Date: Thu, 27 May 1999 23:25:37 -0500 (CDT)
From: “colin s. cavell” <cscpo@polsci.umass.edu>
Subject: [mimagazin] BBC: History damaged by bombs (fwd)
Article: 65745
To: undisclosed-recipients:;
Message-ID: <bulk.9589.19990528121727@chumbly.math.missouri.edu>

————— Forwarded message —————
Date: Thu, 27 May 1999 19:32:55 -0400 (EDT)
From: Zorana Gluscevic <zorana@german.umass.edu>

Date: Thu, 27 May 1999 00:32:54 +0000
From: nenad@mimagazin.comy Subject: [mimagazin] BBC: History damaged by bombs

http://mimagazin.com
http://news.bbc.co.uk/hi/english/world/monitoring/newsid_352000/352743.stm

History damaged by bombs

BBC News, Tuesday 25 May, 1999

Serbian government building after a Nato strike

Serbia's state news agency has been highlighting the damage caused by the Nato campaign to many cultural and artistic monuments and historical sites in Belgrade.

Tanjug said: “Belgrade, a city of monuments, whose walls have survived under a myriad of civilisations for 7,000 years, has never suffered worse destruction than it has been subjected to by Nato.”

It said the damaged buildings included:

The 16th-century Rakovica Monastery, the burial site of some of the key figures in Serbia's history and a valuable repository of Serbian gold artefacts and icons.

The Serbian Government building, built in 1928.

The Foreign Ministry building, which was built in 1929 and decorated with sculptures and relief works. Its cupola was adorned with the figure of a woman embodying Yugoslavia.

A series of architecturally-important modern buildings housing Yugoslav Army premises had been demolished in several weeks of the air offensive, the agency said.

It also listed as damaged the Justice Ministry building, the Radio and Television building, the Children's Culture Centre, the Dusko Radovic Theatre, and the 1960s-built Belgrade TV centre.

The agency said that churches and cultural landmarks had not been spared, with the Russian Church, the Serbian Historical Museum, and the Church of St Peter and Paul suffering varying degrees of structural damage.

‘Mushroom clouds’

Serbian radio reported that Nato planes fired eight missiles at the Novi Sad oil refinery on Monday afternoon, leaving the plant in flames and thick clouds of black smoke over parts of the city.

The station said that, by targeting power-generation plants and oil refineries, Nato was “trying to cause a humanitarian and environmental catastrophe of major proportions”.

Belgrade Radio said the Ponikve airfield, near Uzice, was also targeted.
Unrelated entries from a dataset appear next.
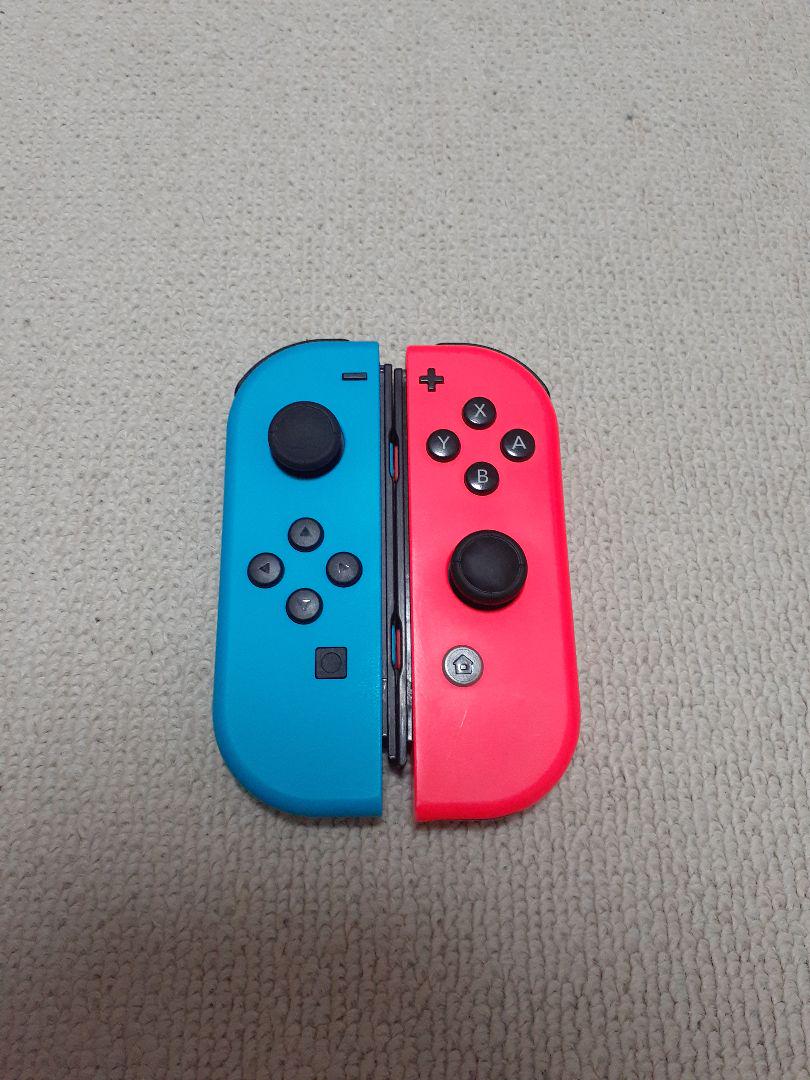Nintendo Switch スイッチ 本体のみ バッテリー強化版 2020年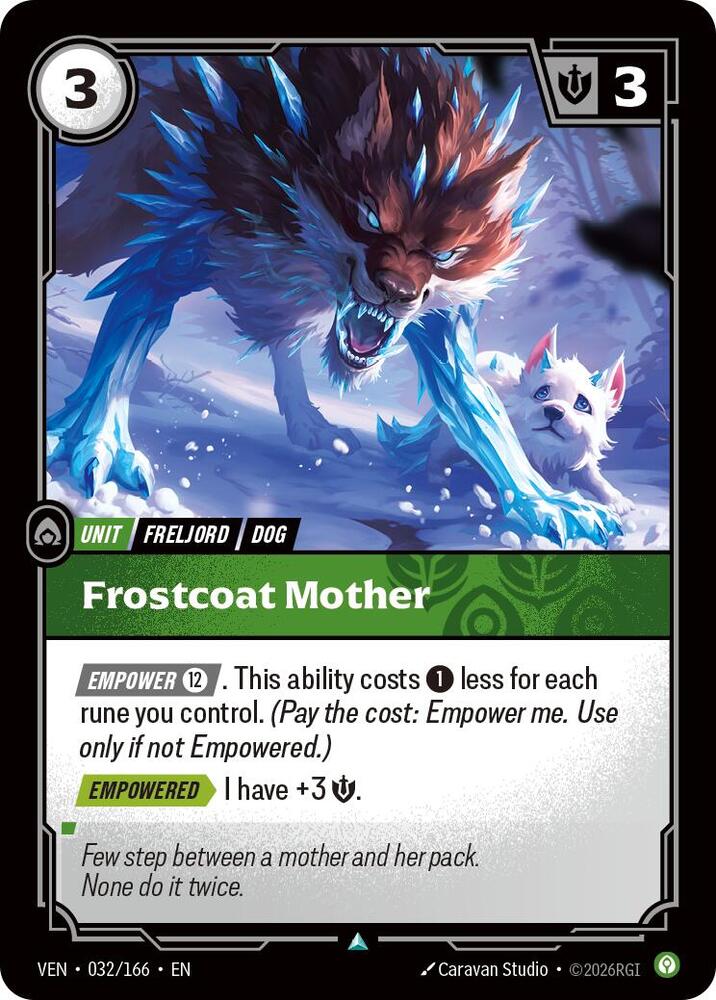 Frostcoat Mother Rainbow Foil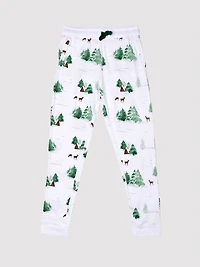 Cabin The Woods Ladies Joggers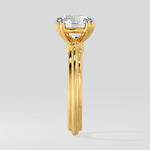 1.5 Ct Alira Contour Ring - House of Quadri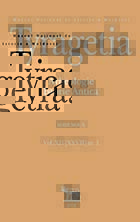 Tyragetia, serie nouă, vol. XII [XXVII], nr. 1, Arheologie. Istorie Antică
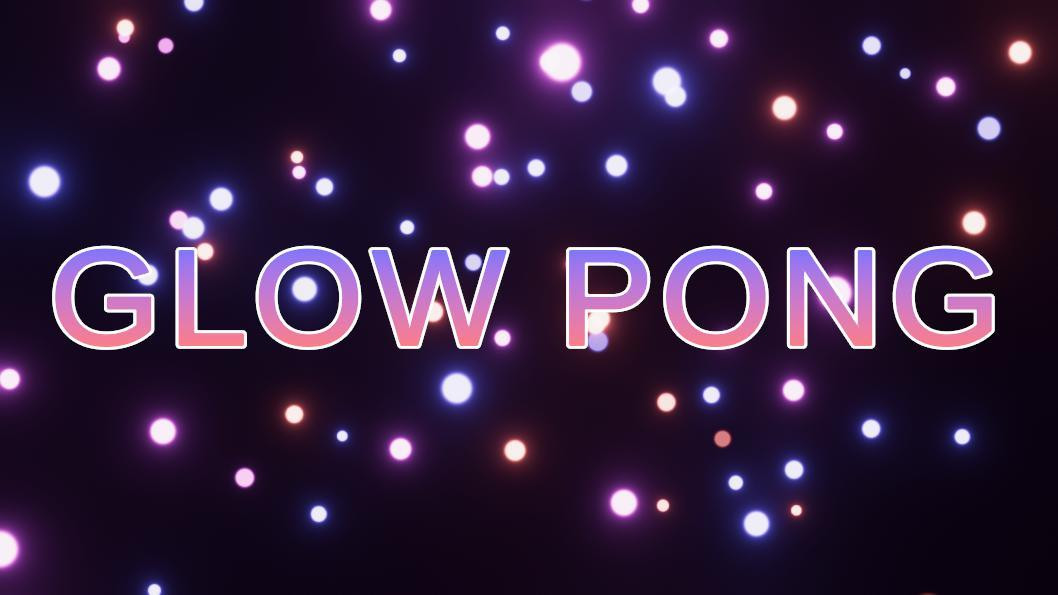 Glow Pong (itch) - кадр 2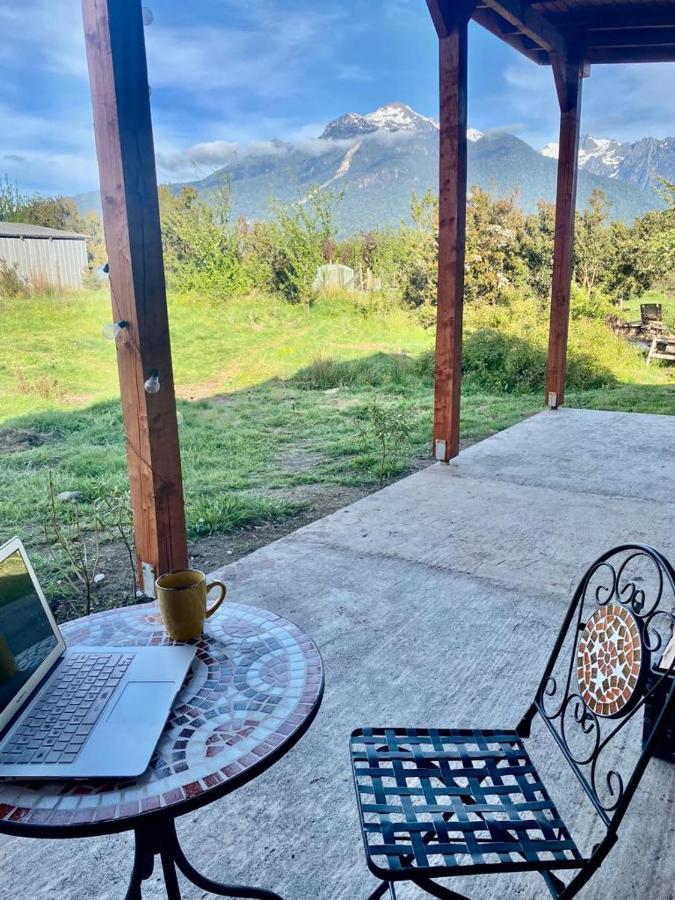 Rio Blanco Villa Hornopiren Eksteriør bilde
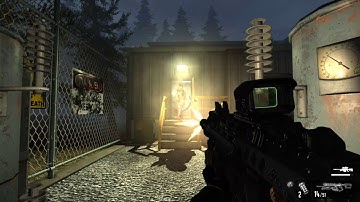 F.E.A.R. 3 Gameplay Walkthrough Interval 04: Suburbs #2 - Interval 05: Tower #1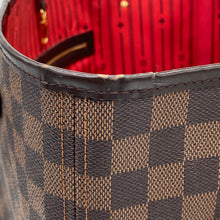 Load image into Gallery viewer, Louis Vuitton Neverfull GM Damier Ebene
It reported “two large mushroom clouds rose high in the sky”.

And Beta news agency reported Nato attacked a transmitter in the southern city of Nis but the missile “missed its target”.

The agency also reported that the Interior Ministry in Belgrade had been targeted and four “very strong explosions” had been heard in Sabac, 40 miles west of Belgrade.

Belgrade radio and TV also reported attacks in Kosovo, where the Glogovac, Stimlje, Prizren, Klina, and Lipljan areas were attacked.